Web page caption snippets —
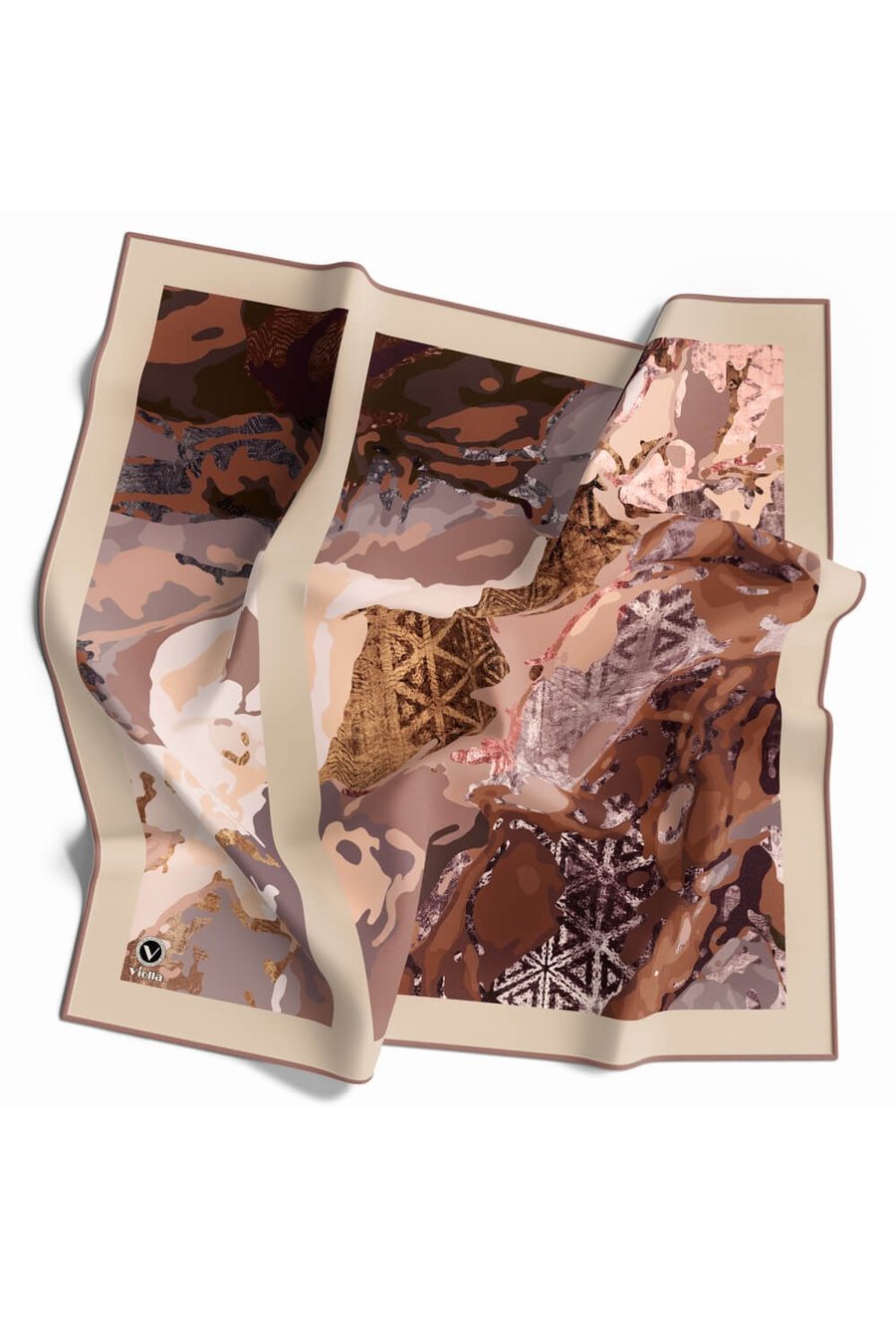Kristal Batikli Ve Etnik Desenli Bakır Renkli 90x90 Eşarp (İpek İçermez) Kenar Dikiş Şekli El Dikişli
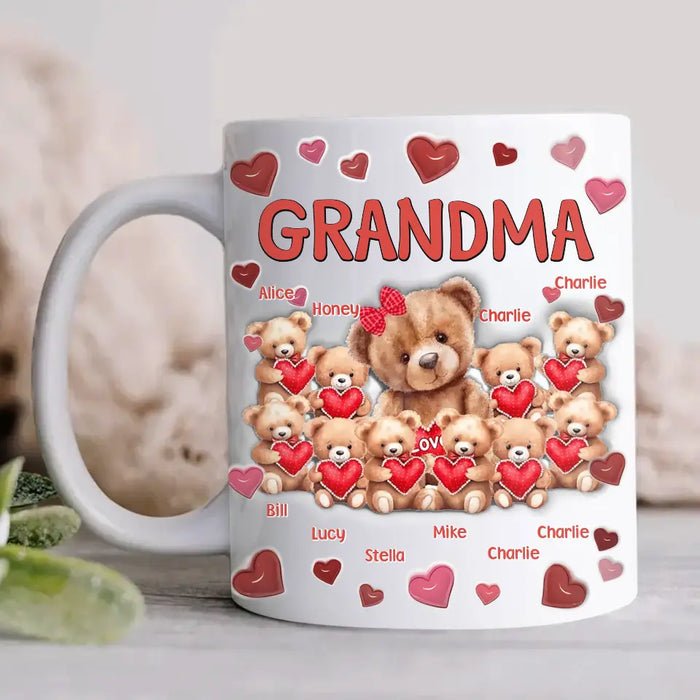 Custom Personalized Mama Bear With Little Kids 3D Inflated Effect Coffee Mug - Upto 10 Kids - Mother's Day Gift Idea For Grandma/ Mom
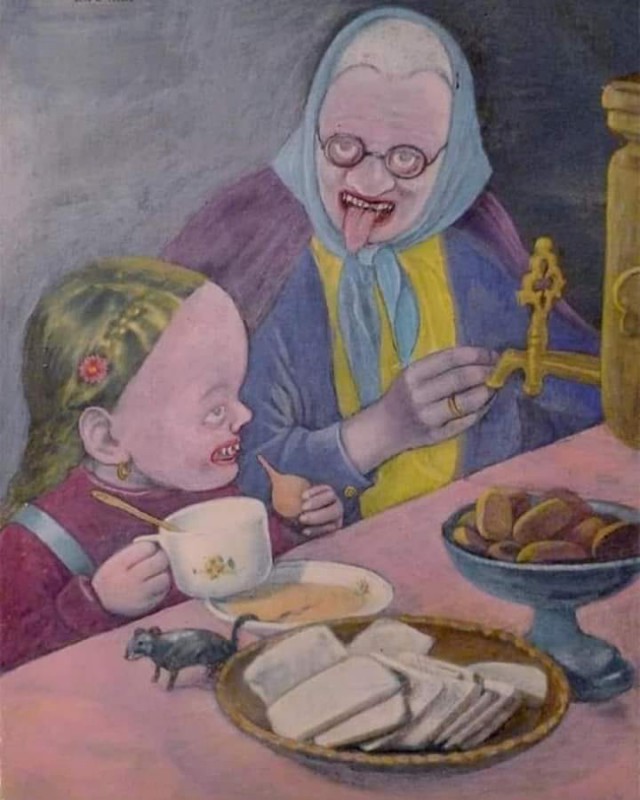 Бабушка и Машенька пьют чай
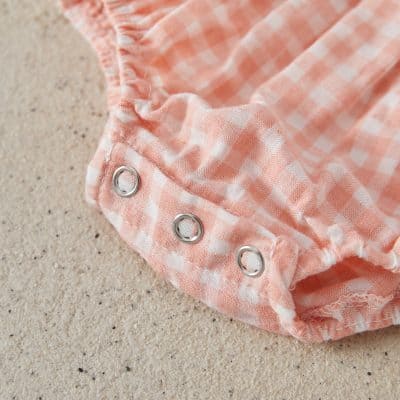 Pink gingham baby romper with snap buttons, adorable infant clothing suitable for summer, Monalisa Store.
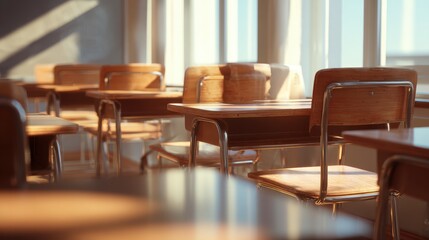 Fototapeta premium Empty classroom with wooden desks and sunlight coming through the windows in a school setting during the morning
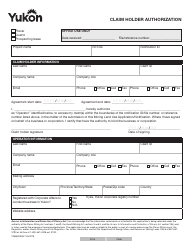 Document preview: Form YG6582 Claim Holder Authorization - Yukon, Canada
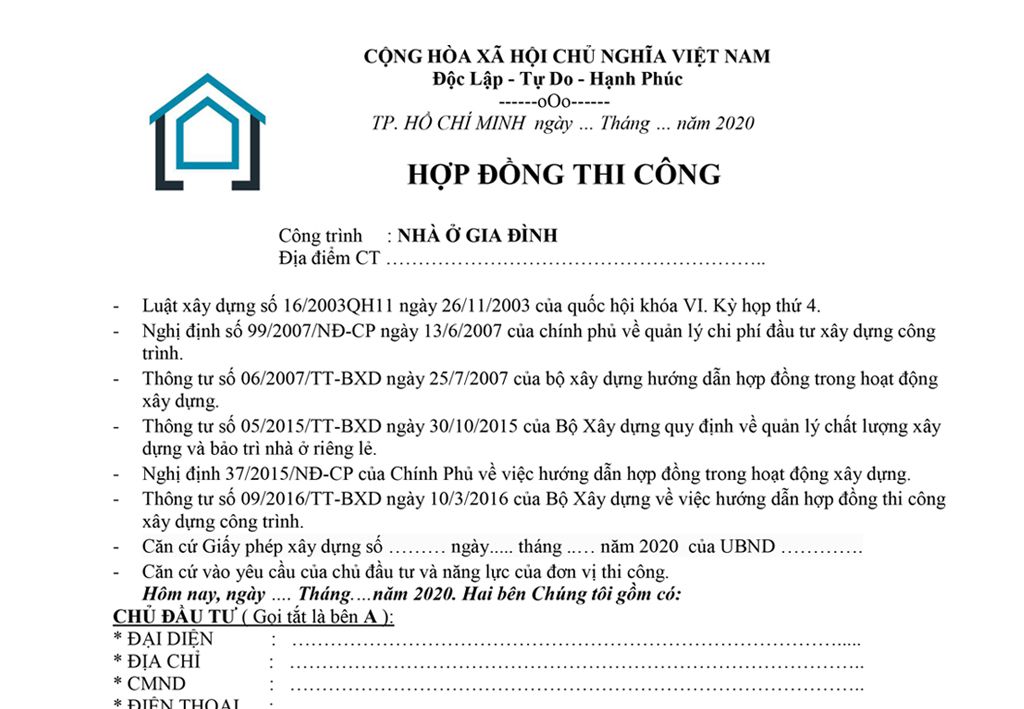 hop dong xay nha tron goi - Mẫu hợp đồng xây nhà trọn gói [nhà ở] gia đình năm 2021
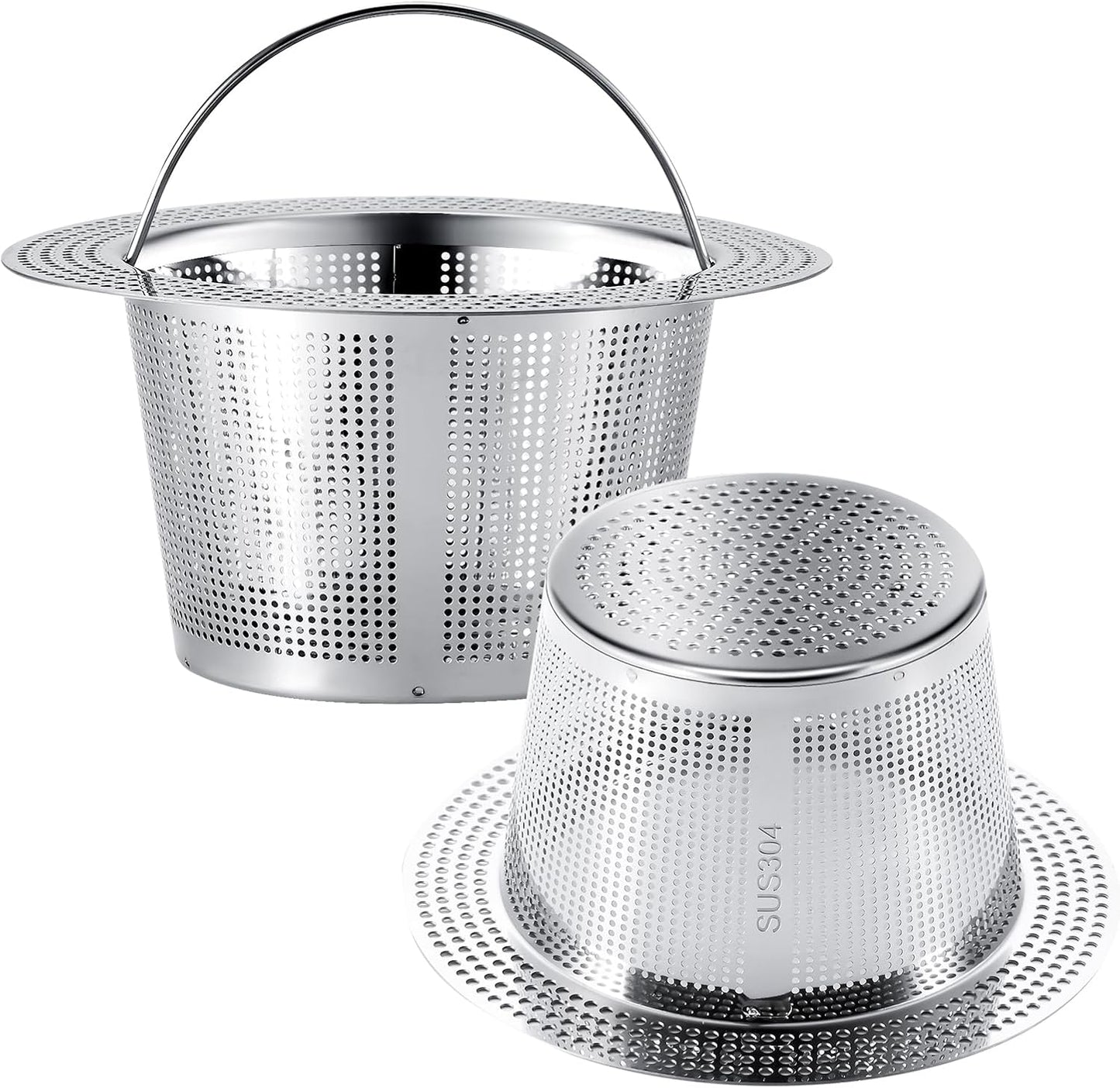 2 Pc Kitchen Sink Drain Strainer, 304 Stainless Steel with Portable Handle for Standard 3-1/2 Inch Drain, Large 4.21 Inch Basket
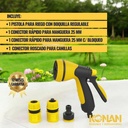 Pistola De Riego Con 3 Accesorios 1/2 Konan 8 Opciones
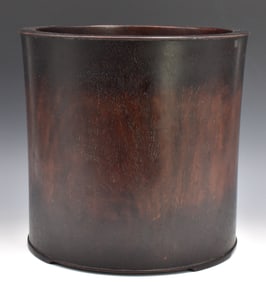 Large Chinese Zitan Wood Carved Brushpot, Qing D.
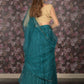 Rajwada Teal Sequins Embroidered Net Semi-Stitched Lehenga with Unstitched Blouse for Women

Assignment — Begin the copy at the line containing "Pink gingham baby" and end it at the last line of the records; transcribe exactly and exclude pictures.

Your solution —
 Pink gingham baby romper with snap buttons, adorable infant clothing suitable for summer, Monalisa Store.
 Fototapeta premium Empty classroom with wooden desks and sunlight coming through the windows in a school setting during the morning
 Document preview: Form YG6582 Claim Holder Authorization - Yukon, Canada
 hop dong xay nha tron goi - Mẫu hợp đồng xây nhà trọn gói [nhà ở] gia đình năm 2021
 2 Pc Kitchen Sink Drain Strainer, 304 Stainless Steel with Portable Handle for Standard 3-1/2 Inch Drain, Large 4.21 Inch Basket
 Pistola De Riego Con 3 Accesorios 1/2 Konan 8 Opciones
 Large Chinese Zitan Wood Carved Brushpot, Qing D.
 Rajwada Teal Sequins Embroidered Net Semi-Stitched Lehenga with Unstitched Blouse for Women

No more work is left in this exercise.